Law firm Withers are first out of the gate with their pre-Budget predictions. Herewith the results.
Law firm Withers are first out of the gate with their pre-Budget predictions. Herewith, what Chris Groves and Sophie Dworetzsky think will be in it:
> Increases in the basic and higher rate of income tax
Comments Christopher Groves: “An increase in the top rate of income tax to 50% in the coming months is inevitable. It has already been confirmed by the Pre-Budget Report and will come into effect on 6 April 2010. The only question is how long will it last? Both Labour and Conservatives have indicated that they do not see this rise as a permanent fixture but any reduction would be most likely to happen closer to the end of the next Parliament than the beginning.

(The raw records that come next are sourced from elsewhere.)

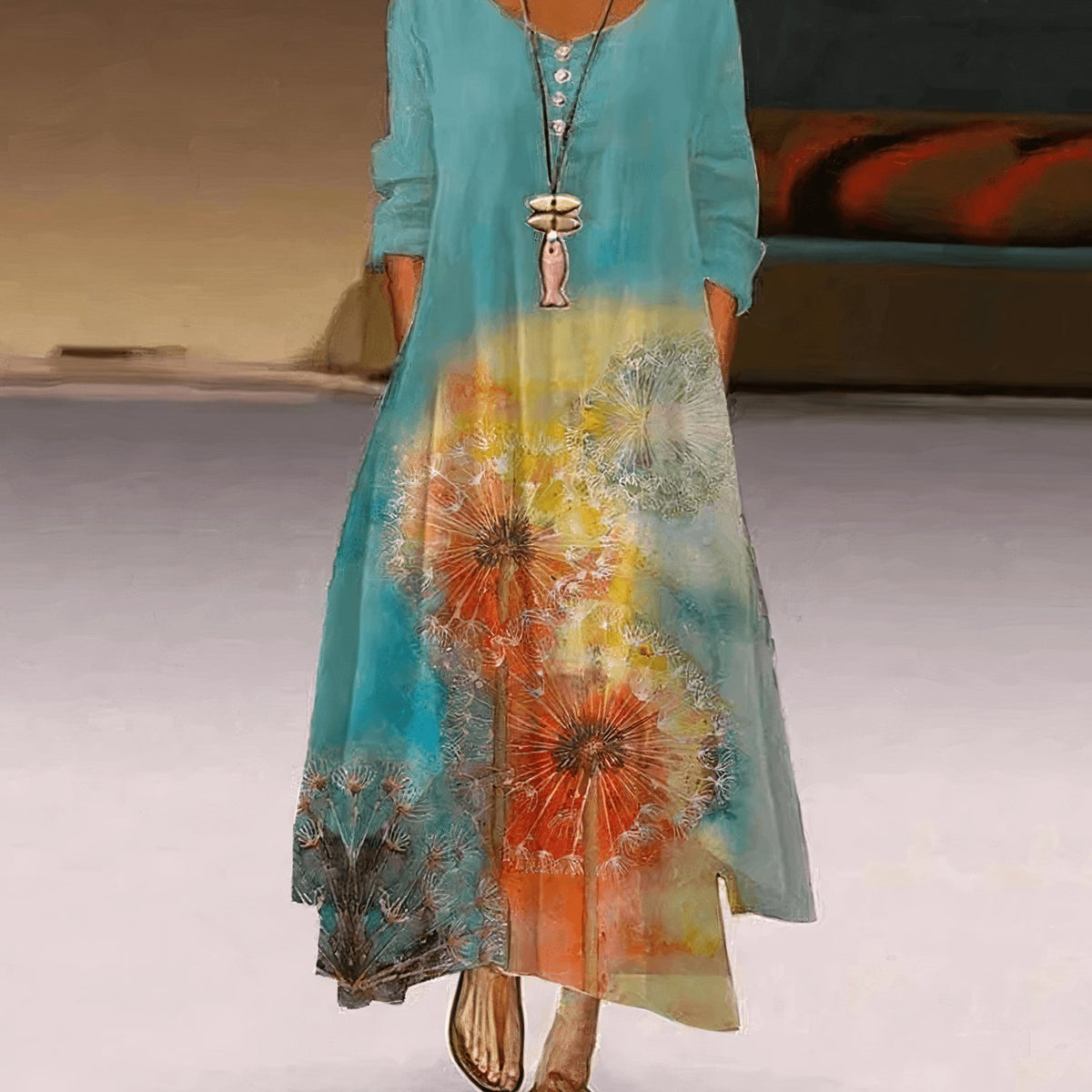 Florence | Long Sleeve Floral Maxi Dress Relaxed Fit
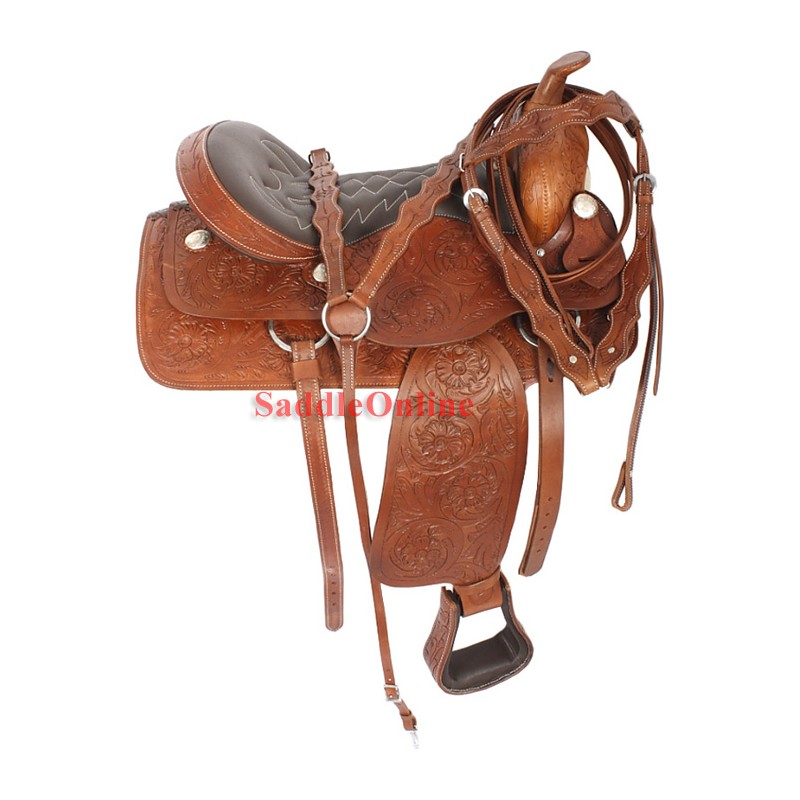 Premium Brown Tooled Saddle Cow Softy Leather Seat 17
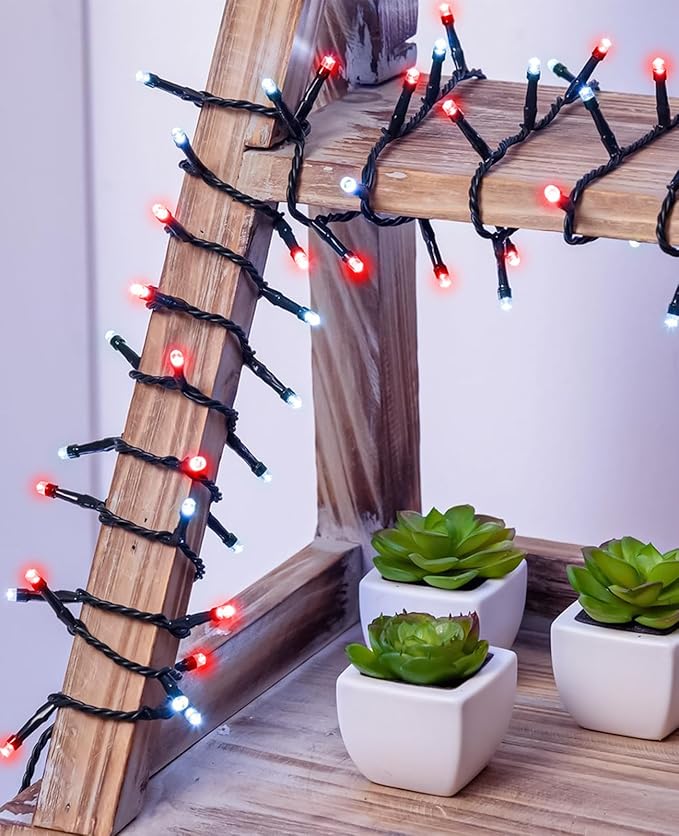 157FT 480 LED Christmas Lights Outdoor, Green Wire Christmas Tree Lights Waterproof, 8 Modes Twinkle Fairy Light for Indoor Outdoor House Tree Xmas Holiday Decorations, Red and White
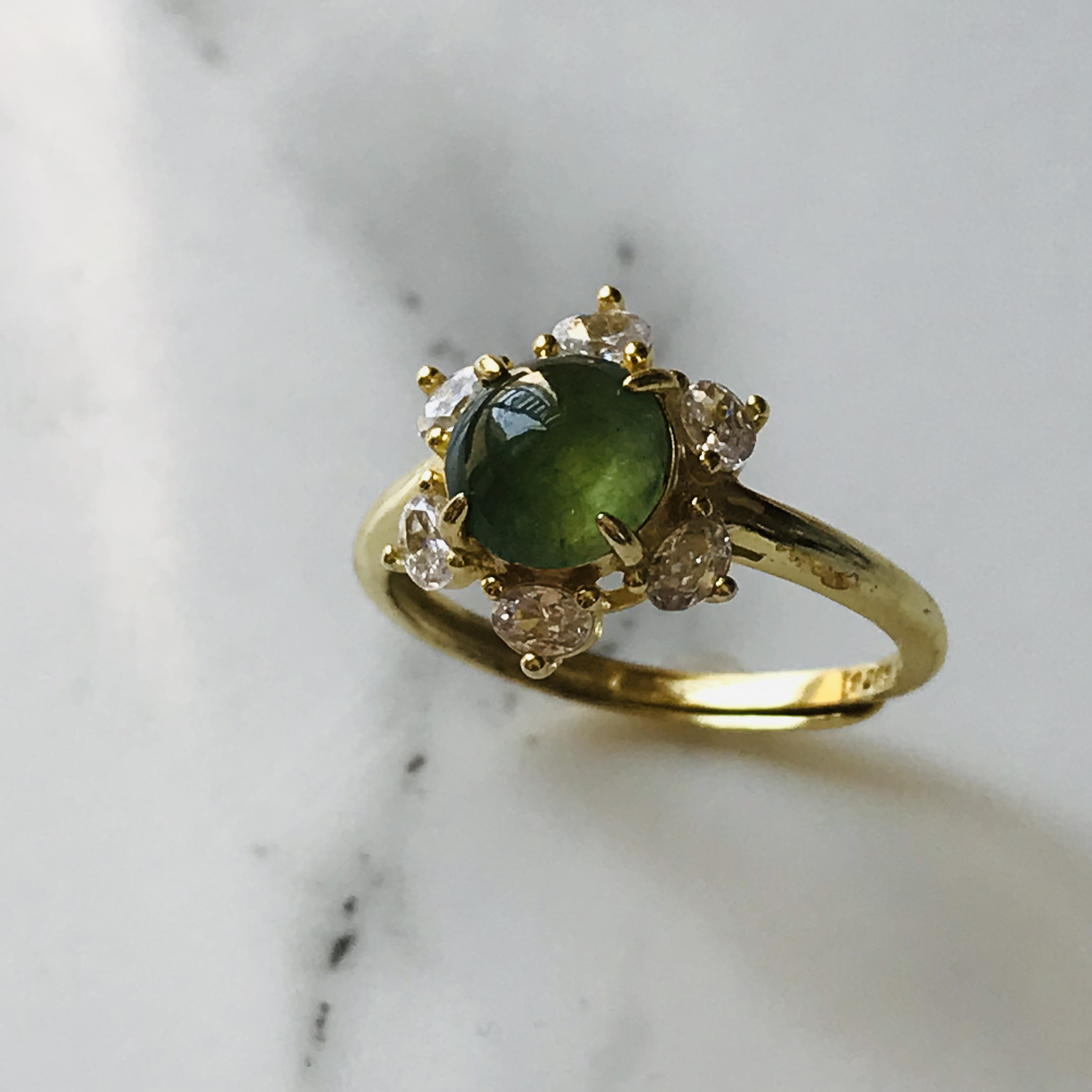 R462-002］ ジェイド JADE ヒスイ 本翡翠 リング 天然石 ミャンマー産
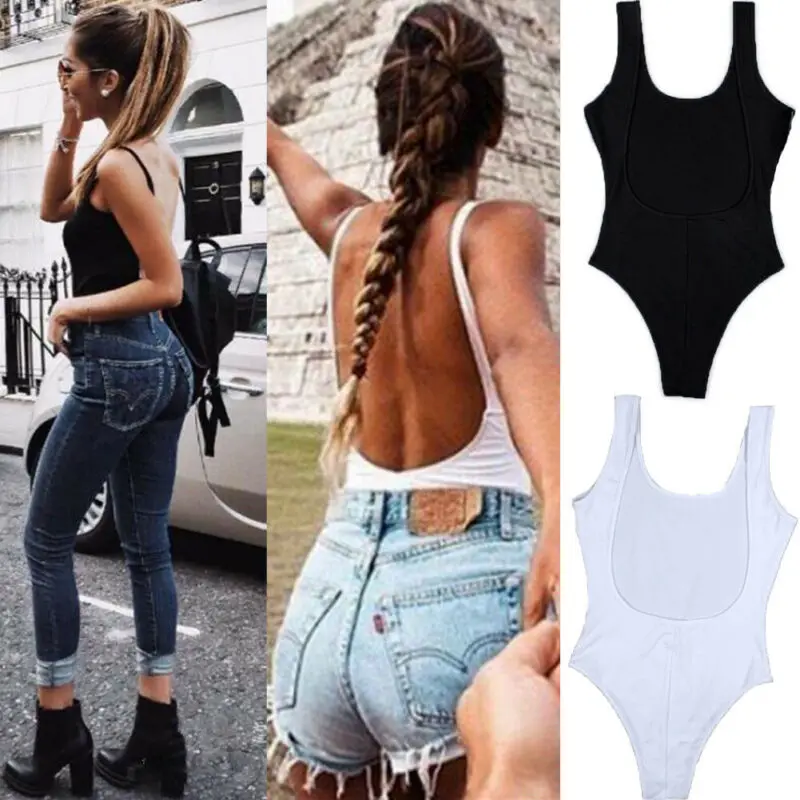 Женское боди без рукавов однотонное облегающее пляжное с открытой спиной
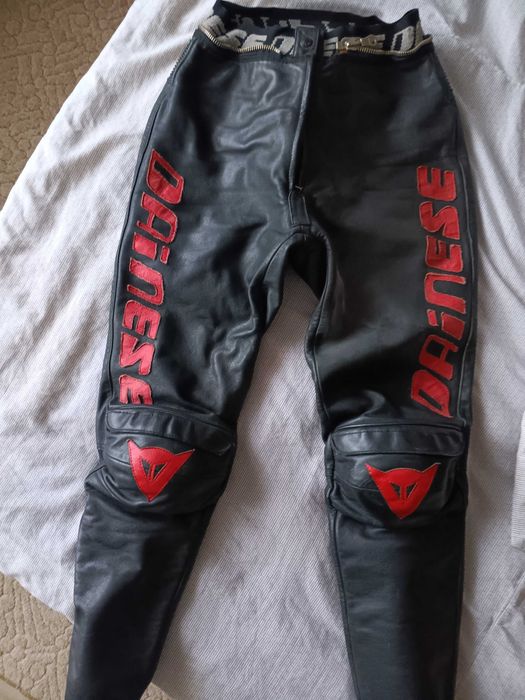 Мото панталон естествена кажа с  протектори размер 44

“All parties remain wary of any suggestion of an increase in the headline rates of tax, but one alternative may be freezing thresholds at which tax currently applies or raise them at a lower rate than the rise in average earnings, pushing more earners into a higher tax bracket.”
> Increase in the rate of VAT
Christopher Groves says: “The two taxes that raise significant revenue for the Exchequer are income tax and VAT. Given the need to address the scale of Britain’s public debt, it is likely that VAT will be increased to 19% or even 20% after the election.”
> Increase in the rate of Capital Gains Tax
Comments Christopher Groves: “This has been widely mooted and is certainly possible. Increases in the capital gains tax rate can have a negative effect on revenue as taxpayers delay making disposals, so change may be unlikely. However, the differential between the top rate of income tax and capital gains tax will be 32% after 6 April 2010 and therefore we may see a higher marginal rate of capital gains tax for top rate taxpayers to reduce the incentive to convert income into capital gains”.
> An extension to the Bank Payroll Tax
Says Christopher Groves: “The Bank Payroll Tax is due to expire on 5 April 2010. However, there have been suggestions that it will be extended through the summer to catch banks with later year-ends, who have not declared their bonuses and this is still likely.”